At 08:41 PM 1/25/03 -0600, Dan Minette wrote:

----- Original Message -----
From: "Ronn! Blankenship" <[EMAIL PROTECTED]>
To: <[EMAIL PROTECTED]>
Sent: Saturday, January 25, 2003 2:48 PM
Subject: Re: G-Whiz: Roller Coasters Get Astronaut Rating


> At 11:51 AM 1/25/03 -0600, Dan Minette wrote:
>
> >----- Original Message -----
> >From: "Robert Seeberger" <[EMAIL PROTECTED]>
> >To: <[EMAIL PROTECTED]>
> >Sent: Saturday, January 25, 2003 11:23 AM
> >Subject: G-Whiz: Roller Coasters Get Astronaut Rating
> >
> > >
> > > "What we do know, and what has been substantiated by science" Gibson
> >added,
> > > "is that riding a roller coaster imposes less g-forces on the body
than
> > > flopping down in a chair, sneezing or skipping rope.

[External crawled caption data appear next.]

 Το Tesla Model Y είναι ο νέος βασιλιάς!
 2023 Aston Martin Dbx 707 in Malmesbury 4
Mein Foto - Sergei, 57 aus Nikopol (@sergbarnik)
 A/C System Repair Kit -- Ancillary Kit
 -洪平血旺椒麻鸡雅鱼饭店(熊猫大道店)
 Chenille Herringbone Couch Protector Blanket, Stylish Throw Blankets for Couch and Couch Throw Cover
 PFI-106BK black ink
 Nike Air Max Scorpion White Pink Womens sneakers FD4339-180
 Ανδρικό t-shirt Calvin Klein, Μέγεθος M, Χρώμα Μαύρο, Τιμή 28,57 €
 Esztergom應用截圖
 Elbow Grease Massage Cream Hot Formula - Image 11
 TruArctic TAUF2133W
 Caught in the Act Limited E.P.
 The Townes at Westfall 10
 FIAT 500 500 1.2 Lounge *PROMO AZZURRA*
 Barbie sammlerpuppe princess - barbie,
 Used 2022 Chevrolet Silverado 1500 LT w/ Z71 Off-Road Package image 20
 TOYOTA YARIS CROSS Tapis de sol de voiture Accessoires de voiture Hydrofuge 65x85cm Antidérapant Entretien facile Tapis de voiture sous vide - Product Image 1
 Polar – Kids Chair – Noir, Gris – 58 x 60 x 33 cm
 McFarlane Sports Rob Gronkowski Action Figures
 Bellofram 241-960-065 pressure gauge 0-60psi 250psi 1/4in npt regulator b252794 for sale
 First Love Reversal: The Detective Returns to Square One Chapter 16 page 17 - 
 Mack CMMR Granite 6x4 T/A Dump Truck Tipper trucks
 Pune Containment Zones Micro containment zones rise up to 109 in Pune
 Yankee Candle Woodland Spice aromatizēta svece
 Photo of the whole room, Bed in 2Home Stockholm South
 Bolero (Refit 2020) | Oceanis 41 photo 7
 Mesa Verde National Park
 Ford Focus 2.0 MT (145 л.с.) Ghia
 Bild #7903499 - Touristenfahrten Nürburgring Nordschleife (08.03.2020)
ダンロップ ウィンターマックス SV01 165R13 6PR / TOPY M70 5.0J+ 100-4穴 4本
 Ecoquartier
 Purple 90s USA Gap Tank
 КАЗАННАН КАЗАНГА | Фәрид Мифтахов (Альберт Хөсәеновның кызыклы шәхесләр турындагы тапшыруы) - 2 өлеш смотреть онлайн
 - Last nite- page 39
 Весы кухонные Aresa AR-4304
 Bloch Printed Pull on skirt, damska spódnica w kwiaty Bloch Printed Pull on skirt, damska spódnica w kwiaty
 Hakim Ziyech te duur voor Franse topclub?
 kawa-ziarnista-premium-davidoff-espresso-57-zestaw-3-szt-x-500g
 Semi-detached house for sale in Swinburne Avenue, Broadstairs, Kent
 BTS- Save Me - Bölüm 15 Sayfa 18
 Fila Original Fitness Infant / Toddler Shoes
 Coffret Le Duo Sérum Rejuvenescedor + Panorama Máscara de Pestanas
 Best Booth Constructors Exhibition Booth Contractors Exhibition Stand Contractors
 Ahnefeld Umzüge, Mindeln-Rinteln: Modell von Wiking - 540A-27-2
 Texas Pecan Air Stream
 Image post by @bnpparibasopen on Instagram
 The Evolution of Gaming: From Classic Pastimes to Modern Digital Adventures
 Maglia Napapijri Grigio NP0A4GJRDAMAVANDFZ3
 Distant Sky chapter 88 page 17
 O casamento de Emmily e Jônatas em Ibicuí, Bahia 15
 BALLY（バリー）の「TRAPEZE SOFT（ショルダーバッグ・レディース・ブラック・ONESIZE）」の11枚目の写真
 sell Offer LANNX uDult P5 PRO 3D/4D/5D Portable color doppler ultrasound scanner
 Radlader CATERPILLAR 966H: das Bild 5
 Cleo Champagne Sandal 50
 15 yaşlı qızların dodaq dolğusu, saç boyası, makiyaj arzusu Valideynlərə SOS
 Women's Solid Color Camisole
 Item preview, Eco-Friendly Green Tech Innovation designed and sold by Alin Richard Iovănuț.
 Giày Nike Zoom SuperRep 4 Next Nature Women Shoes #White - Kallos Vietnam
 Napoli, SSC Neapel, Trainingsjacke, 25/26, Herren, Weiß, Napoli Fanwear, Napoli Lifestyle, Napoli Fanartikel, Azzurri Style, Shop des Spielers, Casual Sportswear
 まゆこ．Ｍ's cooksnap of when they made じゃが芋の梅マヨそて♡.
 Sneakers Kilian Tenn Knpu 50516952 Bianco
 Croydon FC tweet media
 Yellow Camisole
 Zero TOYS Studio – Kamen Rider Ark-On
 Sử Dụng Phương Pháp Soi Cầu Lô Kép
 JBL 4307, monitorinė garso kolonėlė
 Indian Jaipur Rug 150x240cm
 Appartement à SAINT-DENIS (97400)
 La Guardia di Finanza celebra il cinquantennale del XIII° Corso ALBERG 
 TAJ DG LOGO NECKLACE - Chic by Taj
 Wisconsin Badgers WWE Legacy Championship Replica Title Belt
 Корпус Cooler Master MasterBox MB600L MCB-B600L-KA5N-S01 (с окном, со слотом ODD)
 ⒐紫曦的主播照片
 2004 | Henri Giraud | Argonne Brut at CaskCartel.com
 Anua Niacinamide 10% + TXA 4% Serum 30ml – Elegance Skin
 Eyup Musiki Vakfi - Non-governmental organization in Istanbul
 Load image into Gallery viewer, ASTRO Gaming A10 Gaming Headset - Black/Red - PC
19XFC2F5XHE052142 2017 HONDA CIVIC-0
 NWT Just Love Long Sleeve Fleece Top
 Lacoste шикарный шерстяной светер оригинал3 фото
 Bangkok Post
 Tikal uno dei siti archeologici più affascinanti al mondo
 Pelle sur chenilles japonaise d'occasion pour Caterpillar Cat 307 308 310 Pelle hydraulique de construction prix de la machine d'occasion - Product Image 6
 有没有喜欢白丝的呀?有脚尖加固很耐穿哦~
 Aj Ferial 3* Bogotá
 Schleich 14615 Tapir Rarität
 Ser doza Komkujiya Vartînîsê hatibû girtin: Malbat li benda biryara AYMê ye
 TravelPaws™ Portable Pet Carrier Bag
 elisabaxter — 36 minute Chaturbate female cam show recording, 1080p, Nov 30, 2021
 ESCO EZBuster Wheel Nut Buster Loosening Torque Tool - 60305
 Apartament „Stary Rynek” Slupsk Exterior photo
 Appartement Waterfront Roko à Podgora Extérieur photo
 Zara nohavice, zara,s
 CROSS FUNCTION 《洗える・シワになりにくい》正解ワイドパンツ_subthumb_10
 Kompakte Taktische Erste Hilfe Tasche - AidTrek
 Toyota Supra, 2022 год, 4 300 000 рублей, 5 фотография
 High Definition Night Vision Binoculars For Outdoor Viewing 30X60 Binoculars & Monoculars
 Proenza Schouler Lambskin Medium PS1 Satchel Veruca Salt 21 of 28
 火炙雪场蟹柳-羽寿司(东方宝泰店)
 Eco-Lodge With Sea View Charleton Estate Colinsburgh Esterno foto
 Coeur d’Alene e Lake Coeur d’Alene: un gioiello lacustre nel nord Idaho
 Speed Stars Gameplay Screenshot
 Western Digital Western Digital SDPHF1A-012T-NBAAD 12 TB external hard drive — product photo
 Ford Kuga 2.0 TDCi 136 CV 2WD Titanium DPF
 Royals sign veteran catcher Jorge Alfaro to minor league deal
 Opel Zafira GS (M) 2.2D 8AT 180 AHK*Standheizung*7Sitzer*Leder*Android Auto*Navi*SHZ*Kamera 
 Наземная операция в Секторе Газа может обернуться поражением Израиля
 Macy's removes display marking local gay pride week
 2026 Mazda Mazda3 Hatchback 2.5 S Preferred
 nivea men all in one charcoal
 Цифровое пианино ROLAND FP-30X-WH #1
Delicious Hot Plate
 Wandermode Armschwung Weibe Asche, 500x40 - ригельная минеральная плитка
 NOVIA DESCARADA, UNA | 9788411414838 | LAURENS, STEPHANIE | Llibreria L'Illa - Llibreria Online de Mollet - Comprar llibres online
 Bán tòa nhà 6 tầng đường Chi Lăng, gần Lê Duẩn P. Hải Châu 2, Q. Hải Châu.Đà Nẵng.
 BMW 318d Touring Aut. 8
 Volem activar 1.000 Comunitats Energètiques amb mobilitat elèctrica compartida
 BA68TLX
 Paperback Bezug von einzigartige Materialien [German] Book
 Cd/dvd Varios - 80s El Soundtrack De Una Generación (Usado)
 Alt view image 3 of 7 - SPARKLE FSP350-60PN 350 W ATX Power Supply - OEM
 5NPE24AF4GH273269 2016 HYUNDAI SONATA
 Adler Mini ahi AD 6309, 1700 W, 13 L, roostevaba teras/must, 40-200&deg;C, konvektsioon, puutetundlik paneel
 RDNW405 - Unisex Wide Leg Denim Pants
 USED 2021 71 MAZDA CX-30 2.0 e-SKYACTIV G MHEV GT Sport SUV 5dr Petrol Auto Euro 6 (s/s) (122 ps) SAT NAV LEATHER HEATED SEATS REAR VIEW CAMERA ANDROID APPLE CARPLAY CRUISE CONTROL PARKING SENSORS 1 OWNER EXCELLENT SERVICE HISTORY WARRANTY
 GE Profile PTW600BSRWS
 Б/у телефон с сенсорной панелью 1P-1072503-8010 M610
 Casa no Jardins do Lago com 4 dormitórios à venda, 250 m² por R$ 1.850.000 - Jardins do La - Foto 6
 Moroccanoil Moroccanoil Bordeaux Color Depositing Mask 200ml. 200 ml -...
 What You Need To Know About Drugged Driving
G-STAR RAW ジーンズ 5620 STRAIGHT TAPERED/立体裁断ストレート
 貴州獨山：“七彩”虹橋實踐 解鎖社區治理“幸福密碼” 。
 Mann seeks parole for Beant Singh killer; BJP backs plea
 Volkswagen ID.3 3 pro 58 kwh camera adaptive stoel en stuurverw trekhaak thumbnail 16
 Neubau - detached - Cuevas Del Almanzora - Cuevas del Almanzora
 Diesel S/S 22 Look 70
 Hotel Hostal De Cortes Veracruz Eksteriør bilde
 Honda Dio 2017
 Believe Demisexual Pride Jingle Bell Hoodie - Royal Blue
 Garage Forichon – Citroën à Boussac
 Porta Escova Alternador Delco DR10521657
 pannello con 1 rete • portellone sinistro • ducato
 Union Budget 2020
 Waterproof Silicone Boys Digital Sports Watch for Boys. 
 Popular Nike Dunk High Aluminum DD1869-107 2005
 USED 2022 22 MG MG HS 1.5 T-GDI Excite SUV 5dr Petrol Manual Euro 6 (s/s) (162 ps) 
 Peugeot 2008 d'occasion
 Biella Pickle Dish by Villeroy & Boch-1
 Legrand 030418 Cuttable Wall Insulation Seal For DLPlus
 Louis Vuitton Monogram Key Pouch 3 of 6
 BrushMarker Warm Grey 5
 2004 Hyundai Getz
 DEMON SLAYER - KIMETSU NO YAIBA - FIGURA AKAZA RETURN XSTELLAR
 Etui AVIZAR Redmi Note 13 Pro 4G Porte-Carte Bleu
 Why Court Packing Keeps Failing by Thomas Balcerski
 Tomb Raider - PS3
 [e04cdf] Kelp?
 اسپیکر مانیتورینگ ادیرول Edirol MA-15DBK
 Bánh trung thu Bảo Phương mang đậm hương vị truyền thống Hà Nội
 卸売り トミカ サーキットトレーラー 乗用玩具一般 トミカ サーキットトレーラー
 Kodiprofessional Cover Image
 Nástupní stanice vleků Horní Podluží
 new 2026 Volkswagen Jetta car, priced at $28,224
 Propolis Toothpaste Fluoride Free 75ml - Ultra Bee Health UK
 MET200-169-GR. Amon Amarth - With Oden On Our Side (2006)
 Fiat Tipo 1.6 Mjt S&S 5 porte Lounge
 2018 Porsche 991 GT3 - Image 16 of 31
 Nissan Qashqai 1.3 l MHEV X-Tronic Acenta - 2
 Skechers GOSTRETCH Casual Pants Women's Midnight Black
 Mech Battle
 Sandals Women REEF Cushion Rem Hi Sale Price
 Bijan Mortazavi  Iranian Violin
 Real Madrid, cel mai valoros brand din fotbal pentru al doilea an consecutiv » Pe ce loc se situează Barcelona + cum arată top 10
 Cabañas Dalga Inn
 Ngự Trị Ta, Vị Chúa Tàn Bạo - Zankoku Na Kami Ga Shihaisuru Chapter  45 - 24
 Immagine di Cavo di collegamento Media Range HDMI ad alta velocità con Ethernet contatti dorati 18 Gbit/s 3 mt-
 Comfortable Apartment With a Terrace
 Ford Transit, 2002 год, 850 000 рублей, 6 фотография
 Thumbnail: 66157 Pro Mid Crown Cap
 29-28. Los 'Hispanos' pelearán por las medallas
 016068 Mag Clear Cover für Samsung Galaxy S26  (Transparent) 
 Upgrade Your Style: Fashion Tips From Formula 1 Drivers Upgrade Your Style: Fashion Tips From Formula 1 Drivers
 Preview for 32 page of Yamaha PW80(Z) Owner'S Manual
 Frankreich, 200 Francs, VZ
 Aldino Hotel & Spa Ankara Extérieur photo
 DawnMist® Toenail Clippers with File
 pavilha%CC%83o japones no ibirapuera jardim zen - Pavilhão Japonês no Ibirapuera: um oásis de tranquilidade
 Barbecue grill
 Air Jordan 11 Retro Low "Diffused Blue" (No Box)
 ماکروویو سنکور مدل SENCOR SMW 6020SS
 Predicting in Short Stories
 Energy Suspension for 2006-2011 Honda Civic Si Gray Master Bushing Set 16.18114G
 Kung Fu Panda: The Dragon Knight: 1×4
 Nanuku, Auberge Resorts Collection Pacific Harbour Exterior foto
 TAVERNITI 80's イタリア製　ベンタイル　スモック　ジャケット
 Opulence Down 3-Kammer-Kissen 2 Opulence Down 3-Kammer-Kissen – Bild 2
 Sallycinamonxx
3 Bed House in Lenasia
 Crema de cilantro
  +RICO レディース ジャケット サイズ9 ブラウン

Ridding a roller
> > > coaster is far safer than many of our other ordinary daily
activities."
> >
> >An interesting related trivia question.  Say you drop something solid
and
> >moderately hard, like a solid piece of glass or a crystal, on a hard
> >surface, like a tile floor.  What are the g forces involved when the
> >glass/crystal hits the floor?
>
>
>
> Depends on how quickly the falling object comes to a halt.
>
> Assuming it was dropped from a height h and started at rest, at impact it
> will be moving downward with a velocity of sqrt(2gh), so the acceleration
> it experiences will be a = sqrt(2gh)/<delta-t>, where <delta-t>
represents
> the time it takes the object to come to a halt.  That would depend on
> things like the elasticity and tensile strength of the object and the
> floor, but I don't know of any equation to compute <delta-t>.  Probably
the
> best method would be to use high-speed photography to measure the time
the
> impact takes . . .

Or, to measure the shock when it happens.  The MWD industry is the roughest
enviornment that crystals (such as NaI crystals) and photomultiplier tubes
are expected to perform in. OK, its a pretty standard test in the MWD
industry.  The g force for something dropped from a meter  onto a hard
surface is typically around 1000  g's.  The shock pulse is about 0.005 s
wide.  There are specifications I've written for detectors (comprising of a
photomultiplier tube and a NaI crystal) to survive these shocks, as well as
6 hours of 20 g rms random vibration.

Must be more stringent than the specs for the NaI(Tl) crystals and PM tubes I recall from the unclear lab, or PM tubes used in astronomy. Although fortunately I haven't actually tested any of them for impact resistance . . .



--Ronn! :)

I always knew that I would see the first man on the Moon.
I never dreamed that I would see the last.